(Source data)
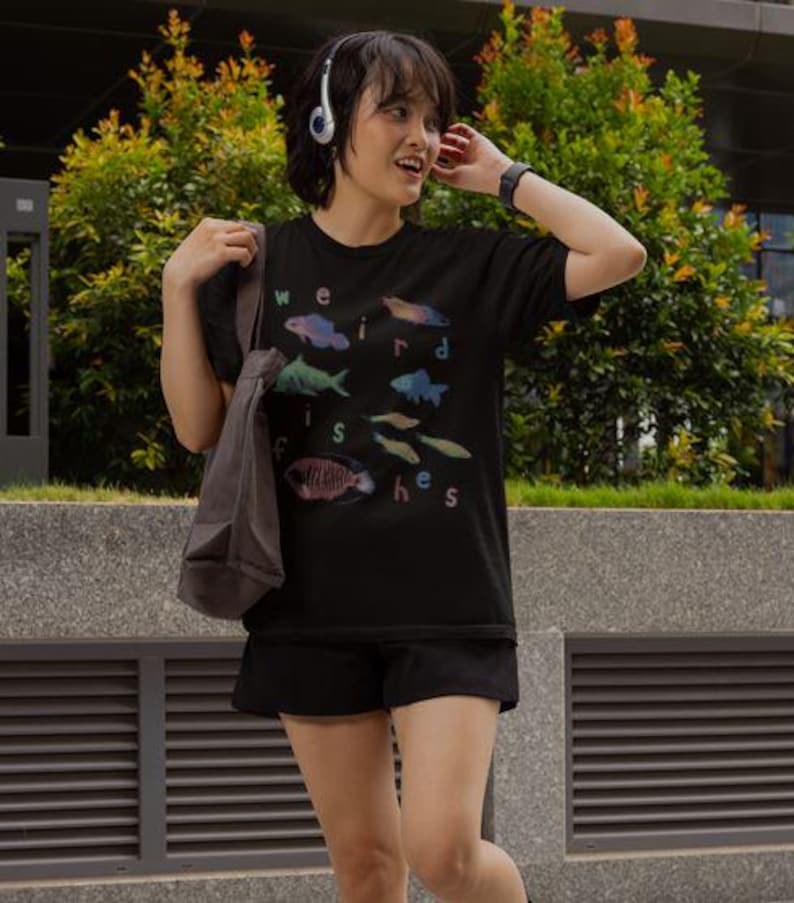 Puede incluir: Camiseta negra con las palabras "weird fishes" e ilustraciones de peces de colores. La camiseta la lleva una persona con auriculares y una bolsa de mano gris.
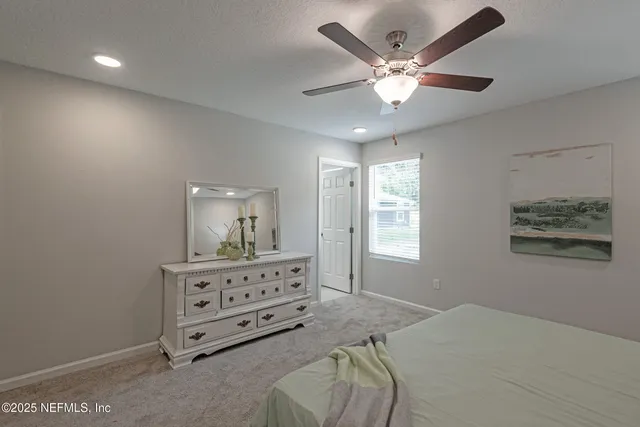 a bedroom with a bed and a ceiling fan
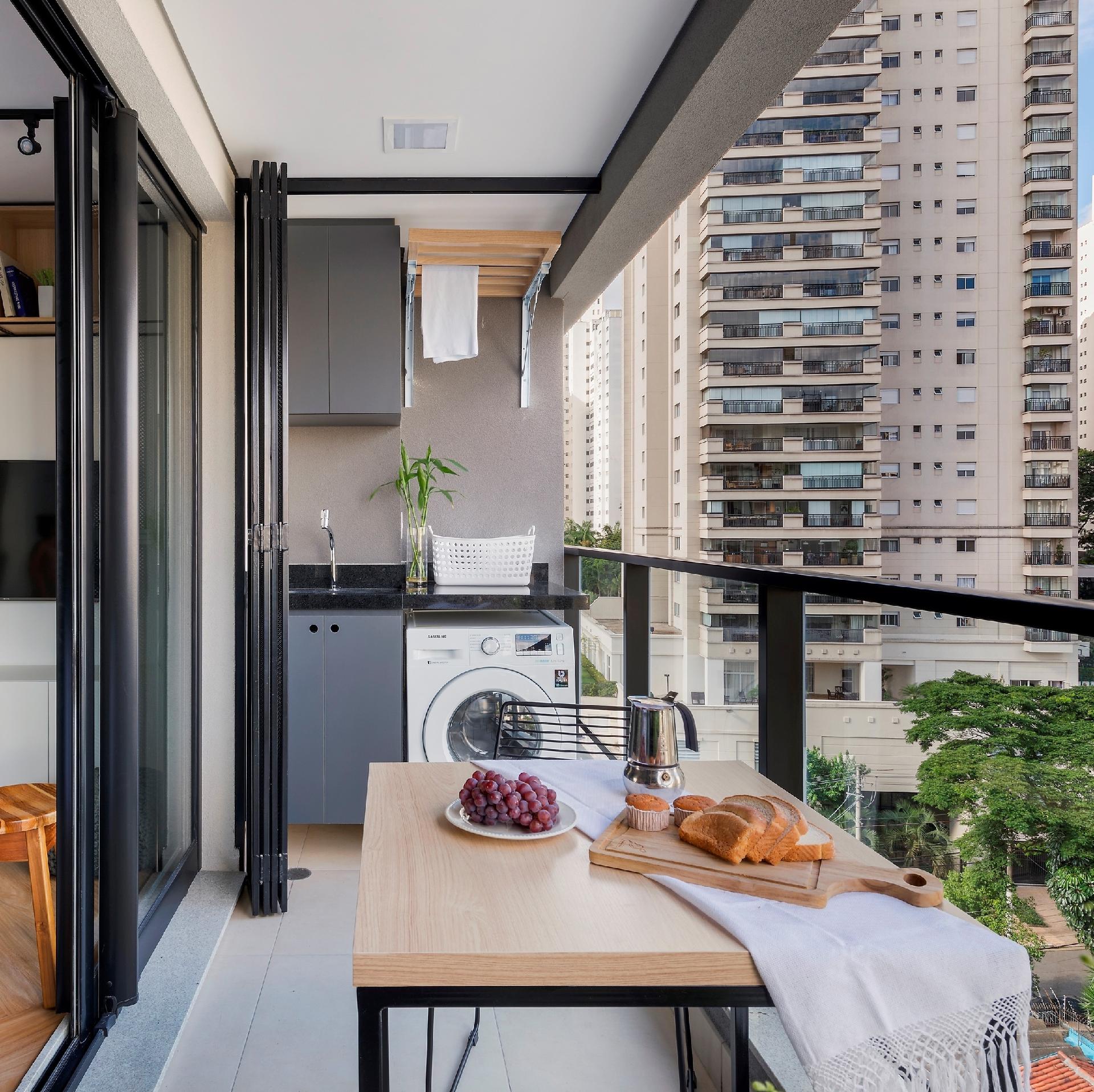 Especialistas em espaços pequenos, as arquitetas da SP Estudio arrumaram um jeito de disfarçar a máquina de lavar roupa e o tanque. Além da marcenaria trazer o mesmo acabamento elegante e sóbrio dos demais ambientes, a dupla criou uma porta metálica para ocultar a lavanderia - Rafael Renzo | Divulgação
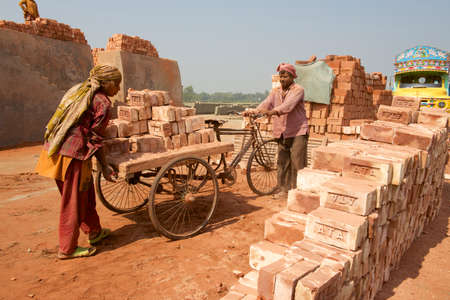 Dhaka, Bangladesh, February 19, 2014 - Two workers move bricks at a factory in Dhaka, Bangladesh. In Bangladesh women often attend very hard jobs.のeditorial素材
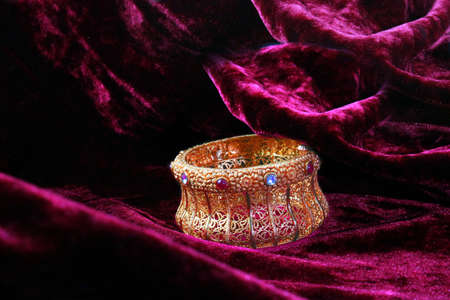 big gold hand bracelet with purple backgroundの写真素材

ASSIGNMENT: Nothing but the records, repeated exactly and stripped of pictures, should appear in the answer.

WORKED SOLUTION:
 Puede incluir: Camiseta negra con las palabras "weird fishes" e ilustraciones de peces de colores. La camiseta la lleva una persona con auriculares y una bolsa de mano gris.
 a bedroom with a bed and a ceiling fan
 Especialistas em espaços pequenos, as arquitetas da SP Estudio arrumaram um jeito de disfarçar a máquina de lavar roupa e o tanque. Além da marcenaria trazer o mesmo acabamento elegante e sóbrio dos demais ambientes, a dupla criou uma porta metálica para ocultar a lavanderia - Rafael Renzo | Divulgação
 Dhaka, Bangladesh, February 19, 2014 - Two workers move bricks at a factory in Dhaka, Bangladesh. In Bangladesh women often attend very hard jobs.のeditorial素材
 big gold hand bracelet with purple backgroundの写真素材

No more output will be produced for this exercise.